According to Ericsson, over the next five years: Traffic volumes on cellular networks will be multiplied 1,000 times, and 100 times more devices will require connectivity.

The evolution to 5G will spur innovation, making cities more livable, secure, efficient, and responsive to citizens’ needs.

To support the diversity needed, 5G will include network slicing, which will enable connectivity services that are highly scalable and programmable in terms of:

  • Speed levels
  • Capacity
  • Coverage
  • Security
  • Reliability
  • Availability
  • Latency
  • Efficiency

Traditional cellular networks and their one-size-fits-all approach will adapt with new 5G frequencies to support thousands of scenarios, many different device types, and varying application requirements.
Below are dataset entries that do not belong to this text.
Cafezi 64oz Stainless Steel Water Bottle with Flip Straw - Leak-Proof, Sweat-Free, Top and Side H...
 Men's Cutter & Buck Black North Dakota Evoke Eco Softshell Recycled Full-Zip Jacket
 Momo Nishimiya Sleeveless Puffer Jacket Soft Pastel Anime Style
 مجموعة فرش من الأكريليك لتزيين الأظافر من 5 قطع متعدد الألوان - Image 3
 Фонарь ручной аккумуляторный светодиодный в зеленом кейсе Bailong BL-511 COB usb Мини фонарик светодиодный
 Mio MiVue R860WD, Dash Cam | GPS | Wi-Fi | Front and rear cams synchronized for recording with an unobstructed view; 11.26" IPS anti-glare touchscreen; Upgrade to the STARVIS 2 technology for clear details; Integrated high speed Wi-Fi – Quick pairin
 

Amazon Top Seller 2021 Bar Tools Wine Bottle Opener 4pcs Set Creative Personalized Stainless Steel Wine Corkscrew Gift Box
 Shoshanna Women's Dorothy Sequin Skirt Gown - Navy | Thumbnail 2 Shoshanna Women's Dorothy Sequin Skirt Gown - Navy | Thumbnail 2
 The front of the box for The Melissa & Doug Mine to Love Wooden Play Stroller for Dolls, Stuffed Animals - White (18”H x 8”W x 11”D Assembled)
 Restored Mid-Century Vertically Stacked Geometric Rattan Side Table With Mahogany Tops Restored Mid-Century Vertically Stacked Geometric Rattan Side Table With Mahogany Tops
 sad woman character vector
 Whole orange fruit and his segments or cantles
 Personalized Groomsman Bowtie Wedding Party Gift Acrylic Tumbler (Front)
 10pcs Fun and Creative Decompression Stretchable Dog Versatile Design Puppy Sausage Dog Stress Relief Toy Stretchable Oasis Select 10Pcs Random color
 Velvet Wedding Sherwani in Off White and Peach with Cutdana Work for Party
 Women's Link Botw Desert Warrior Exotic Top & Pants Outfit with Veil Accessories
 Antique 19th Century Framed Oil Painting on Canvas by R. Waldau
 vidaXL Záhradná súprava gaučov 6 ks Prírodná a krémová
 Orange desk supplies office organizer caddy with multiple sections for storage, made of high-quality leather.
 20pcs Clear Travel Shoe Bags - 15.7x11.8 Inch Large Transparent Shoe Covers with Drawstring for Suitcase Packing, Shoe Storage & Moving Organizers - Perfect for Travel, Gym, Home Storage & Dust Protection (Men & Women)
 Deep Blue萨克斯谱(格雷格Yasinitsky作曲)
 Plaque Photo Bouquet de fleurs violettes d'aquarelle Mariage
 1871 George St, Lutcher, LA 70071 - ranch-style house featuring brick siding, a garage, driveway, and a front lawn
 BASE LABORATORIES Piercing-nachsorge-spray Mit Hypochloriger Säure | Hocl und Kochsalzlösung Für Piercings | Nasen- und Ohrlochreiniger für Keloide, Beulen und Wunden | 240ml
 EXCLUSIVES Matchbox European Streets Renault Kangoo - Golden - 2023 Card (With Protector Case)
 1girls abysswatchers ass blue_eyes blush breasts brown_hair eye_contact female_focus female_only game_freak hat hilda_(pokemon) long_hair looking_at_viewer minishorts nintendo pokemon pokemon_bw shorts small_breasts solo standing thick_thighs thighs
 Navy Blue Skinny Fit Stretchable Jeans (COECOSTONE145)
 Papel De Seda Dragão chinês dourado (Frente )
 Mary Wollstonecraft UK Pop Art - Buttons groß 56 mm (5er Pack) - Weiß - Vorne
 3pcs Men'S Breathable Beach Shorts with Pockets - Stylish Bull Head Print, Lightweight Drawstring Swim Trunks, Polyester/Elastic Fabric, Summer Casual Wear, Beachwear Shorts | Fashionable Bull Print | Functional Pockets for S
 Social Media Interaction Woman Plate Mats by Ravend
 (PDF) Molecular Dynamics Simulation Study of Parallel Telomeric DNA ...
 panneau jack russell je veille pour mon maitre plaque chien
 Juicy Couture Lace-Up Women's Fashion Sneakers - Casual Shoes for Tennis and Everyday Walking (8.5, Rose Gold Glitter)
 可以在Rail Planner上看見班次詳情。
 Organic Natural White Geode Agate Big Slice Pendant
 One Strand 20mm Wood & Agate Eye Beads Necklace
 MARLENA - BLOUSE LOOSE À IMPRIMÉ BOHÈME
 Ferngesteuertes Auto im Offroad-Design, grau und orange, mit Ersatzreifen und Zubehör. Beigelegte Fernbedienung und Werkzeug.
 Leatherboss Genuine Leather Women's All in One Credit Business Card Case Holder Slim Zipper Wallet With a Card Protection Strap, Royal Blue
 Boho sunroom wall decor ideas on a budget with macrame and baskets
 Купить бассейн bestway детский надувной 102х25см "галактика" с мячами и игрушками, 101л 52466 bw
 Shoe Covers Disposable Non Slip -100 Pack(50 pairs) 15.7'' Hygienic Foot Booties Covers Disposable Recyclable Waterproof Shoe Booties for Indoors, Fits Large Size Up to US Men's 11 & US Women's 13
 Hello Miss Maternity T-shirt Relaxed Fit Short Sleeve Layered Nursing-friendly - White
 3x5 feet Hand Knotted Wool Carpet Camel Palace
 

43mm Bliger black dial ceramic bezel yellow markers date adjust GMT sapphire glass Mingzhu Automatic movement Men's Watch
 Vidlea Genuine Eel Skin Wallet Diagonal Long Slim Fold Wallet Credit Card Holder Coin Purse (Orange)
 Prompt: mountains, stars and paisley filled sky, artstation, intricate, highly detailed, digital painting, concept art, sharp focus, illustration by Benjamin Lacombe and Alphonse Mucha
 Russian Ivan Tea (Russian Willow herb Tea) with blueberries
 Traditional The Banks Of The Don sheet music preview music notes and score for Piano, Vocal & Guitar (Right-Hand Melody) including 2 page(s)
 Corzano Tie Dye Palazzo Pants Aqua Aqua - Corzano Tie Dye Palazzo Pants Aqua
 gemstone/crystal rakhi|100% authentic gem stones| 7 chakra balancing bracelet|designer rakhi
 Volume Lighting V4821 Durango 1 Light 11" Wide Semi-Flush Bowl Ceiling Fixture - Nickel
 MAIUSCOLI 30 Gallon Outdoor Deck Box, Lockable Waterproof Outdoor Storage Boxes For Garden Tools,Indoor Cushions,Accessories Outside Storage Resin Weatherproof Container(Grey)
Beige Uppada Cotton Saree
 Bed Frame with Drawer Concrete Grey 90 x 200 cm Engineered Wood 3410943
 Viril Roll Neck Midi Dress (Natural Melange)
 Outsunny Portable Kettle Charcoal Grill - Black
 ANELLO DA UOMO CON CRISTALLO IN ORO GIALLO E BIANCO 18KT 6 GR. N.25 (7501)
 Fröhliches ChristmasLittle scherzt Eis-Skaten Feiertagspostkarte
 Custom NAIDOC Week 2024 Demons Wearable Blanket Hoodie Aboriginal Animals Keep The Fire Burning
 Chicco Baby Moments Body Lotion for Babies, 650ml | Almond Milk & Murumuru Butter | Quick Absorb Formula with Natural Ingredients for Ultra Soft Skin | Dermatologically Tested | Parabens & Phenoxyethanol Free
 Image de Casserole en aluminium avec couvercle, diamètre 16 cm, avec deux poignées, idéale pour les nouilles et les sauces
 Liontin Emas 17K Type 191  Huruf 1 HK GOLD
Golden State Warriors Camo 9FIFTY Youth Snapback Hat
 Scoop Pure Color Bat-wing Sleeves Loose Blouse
Characteristics of 5G technology that deliver city benefits include:

  • Broadband everywhere – 5G offers better coverage and performance outdoors and in buildings (e.g., crowded urban areas, stadiums,  convention centers, public transportation, and subways).
  • Reliable speed – In seconds, consumers can download a full-length high-definition movie, police can upload or download high-definition video, and TV reporters can stream remote, real-time broadcasts. These speeds will rival fixed fiber, allowing wireless to reliably reach places too cost-prohibitive to deploy fiber today.
  • Adaptive – Future communication networks will be programmable to best support applications’ needs, whether they’re highly encrypted financial transactions or a low-priority signal from a connected trash bin when it is full.
  • Energy efficient – Battery life for low-power IoT devices will reach up to 10 years, reducing the maintenance and battery replacement costs.
  • Responsive or real time – By reducing the response time or latency in the network to 1 millisecond, equipment like cranes and excavators can be remotely operated and roadways may achieve three times the current capacity through platooning. Combining real-time communications with the speed and capacity for video, remote healthcare services for unserved or underserved citizens can become a reality.
  • Combining wireless networks – Short-range, unlicensed wireless networks (e.g., Wi-Fi, RF-Mesh, ZigBee, and Z-wave) often create application silos. Through integration gateways, licensed and unlicensed wireless networks can be managed as a single network with a common set of rules or policies. Handoff between these networks will be seamless, whether it is a smartphone or a city bus pulling into the terminal.
  • Quality of experience – 5G culminates into greater reliability, improving the overall experience for the person or the machine.

These 5G characteristics will spur growth in uses for wearables, augmented or virtual reality, remote collaboration, artificial intelligence, and much more. While commercial availability for evolved 5G is expected in 2020, test beds are starting in 2016.

AT&T and Ericsson are working together to help set the stage for widespread commercial and mobile adoption of 5G, and smart cities solutions will be a key beneficiary of this next-generation technology.